Monday, October 30, 2006

My Shortcomings

I was holding off writing here until all my midterms were returned. That time has come. I think the best way to present this topic is in matching-game form. I've conjured a scale(below) which will be used to gauge my failures and disappointments. Being the perpetrator of said failures, I've already had the time to weigh and measure them according to the scale. Those measurements will not be revealed here, and such is the premise of the game. On top of the hats you already wear as my reader and creepy, non-comment-leaving voyeur(JJ and my Huckleberry Friend excluded, of course), you will temporarily don a player hat. I will describe failures and shortcomings I've accomplished (or whatever the negative version of accomplished is) and you will rate them according to the provided scale. You will compare you weighings with mine, which will be available in less than a fortnight, and the one closest to my ratings will be deemed the victor.

Please press any key to continue




Weight: [0]
Diction: Negligible Drawback
Equivalent Event:Spilt Milk. Burnt Toast. Peeing on the toilet seat.

Weight: [1]
Diction:Correctable Misstep
Equivalent Event: Siding with Tony Stark and not Steve Rogers.(note: One Mr. Parker has proven such an action is indeed 'correctable')

Weight:[2]
Diction: Grievous Error
Equivalent Event: Frodo initially using The Ring, Sam not expressing his true feelings for Mr.

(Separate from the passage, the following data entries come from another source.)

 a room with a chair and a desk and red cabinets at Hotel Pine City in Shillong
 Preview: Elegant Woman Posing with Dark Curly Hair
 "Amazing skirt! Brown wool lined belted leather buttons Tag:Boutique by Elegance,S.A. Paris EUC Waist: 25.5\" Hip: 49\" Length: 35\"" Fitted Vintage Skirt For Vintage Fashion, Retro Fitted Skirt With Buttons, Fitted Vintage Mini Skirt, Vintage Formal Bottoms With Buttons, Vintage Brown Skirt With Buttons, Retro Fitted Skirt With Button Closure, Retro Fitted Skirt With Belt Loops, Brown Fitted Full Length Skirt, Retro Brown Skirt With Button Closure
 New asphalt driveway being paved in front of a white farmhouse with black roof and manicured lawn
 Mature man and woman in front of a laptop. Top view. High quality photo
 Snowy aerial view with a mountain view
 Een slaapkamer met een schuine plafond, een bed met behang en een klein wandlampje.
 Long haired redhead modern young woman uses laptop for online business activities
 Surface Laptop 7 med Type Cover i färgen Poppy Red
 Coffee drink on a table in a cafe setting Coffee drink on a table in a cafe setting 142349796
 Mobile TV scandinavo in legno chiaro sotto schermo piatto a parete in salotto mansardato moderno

Frodo before he sailed away to the Blessed Realm.

Weight: [3]
Diction: Irredeemable Blunder
Equivalent Event:
14. Qf3 Bd3
15. Rd1 Be2

Weight:[4]
Diction: Heartbreaking Tragedy
Equivalent Event: Katrina(the hurricane).

Weight:[5]
Diction: Unimaginable Disaster
Equivalent Event: Katrina(the Federal response to).

Weight:[6]
Diction: Hopeless Fiasco
Equivalent Event: Operation Iraqi Freedom.




Item 1: Political Science
I won't be participating in the democratic tradition and privilege of voting. I've had too much on my plate. Between synchronizing concurrent processes, defending against blockiness attacks on steganographic images, collision resistant pseudorandom permutations, and most importantly rustling up the perfect hash brown(see item 6), my time has been completely depleted. Of course this is no excuse for depriving myself of democratic participation and therefore depriving my fellow men(Yes, I said 'men' and no, I don't feel it necessary to be p.c. here. In fact I think it would be superfluous on top of being ridiculous) of a more perfect democratic process. on the other hand, any vote Icast now would be vastly ignorant. Is a non-vote bettern than an uninformed vote? Also, my voting state is on the other side of the country. Not only would I be voting on local issues that aren't at all local to me, and therefore relatively irrelevant, but I would be voting on officials concerned mainly about said irrelevant issues. Yes, I understand their congressional representation is at a national level, that's why this is considered one of my many 'shortcomings'.

Item 2: Foreign Language
My progress in Farsi is unimpressive at best. I've acquired "The Rosetta Stone" software to help me and have finished the first lesson, but it's currently gathering dust. I've resolved to learn the alphabet before taking the lessons any further. In two months I've come as far as the first five letters and the realization that Persians love the 'z' sound.

Item 3: Agriculture
Through my veins runs the repressed, exploited blood of a long line of farmers. My apartment has a balcony which would be perfect for growing eggplants or tomatoes, but I haven't taken advantage. And a floral arrangement would be welcome company out there whenever I de-pink my lungs(see item 5). Whatever, It's winter here anyway. I can express my inner, overworked farmer in the Spring.

Item 4: Interior Design

This is not how I intended to decorate my apartment. I wanted Van Gogh's and a cute tea set, maybe a very rectangular coffee table, definitely a Persian rug. But I've encountered some desperate times.

Item 5: Chemistry
C8H10N4O2 and C10H14N2 have found their way into my regular consumption. Though the amounts are generally limited to a single dosage a day. My concern here is whether these daily ingestions signify a chemical or physical addiction, or an addiction at all for that matter.

Item 6: Culinary Arts
I still can't get fucking hash browns right! The shreds stay together, but some parts are burnt while others are still a little raw. What the hell am I doing wrong? I shred the potatoes, melt the butter in the pan, let it get a little hot, and toss the shreds on the heated surface. There's a probabilistic combination of stirring and flattening that follows. Once the shreds start to darken I execute one more flattening and let it sit. After a few minutes of sauteeing, I flip the flattened mass of root to the uncooked side('flip' here is cutting up into manageable pieces, as I am not dexterous enough to flip it as an atomic unit), of course the fucker breaks apart. Now the previously uncooked side takes its turn for a couple minutes. At this point I turn the heat off, slide(this I am dexterous enough to do) the monstrosity onto my plate, and force it down my throat for the sake of avoiding waste. There has to be something I'm missing, or not doing, or doing too much. Can anyone help? Please?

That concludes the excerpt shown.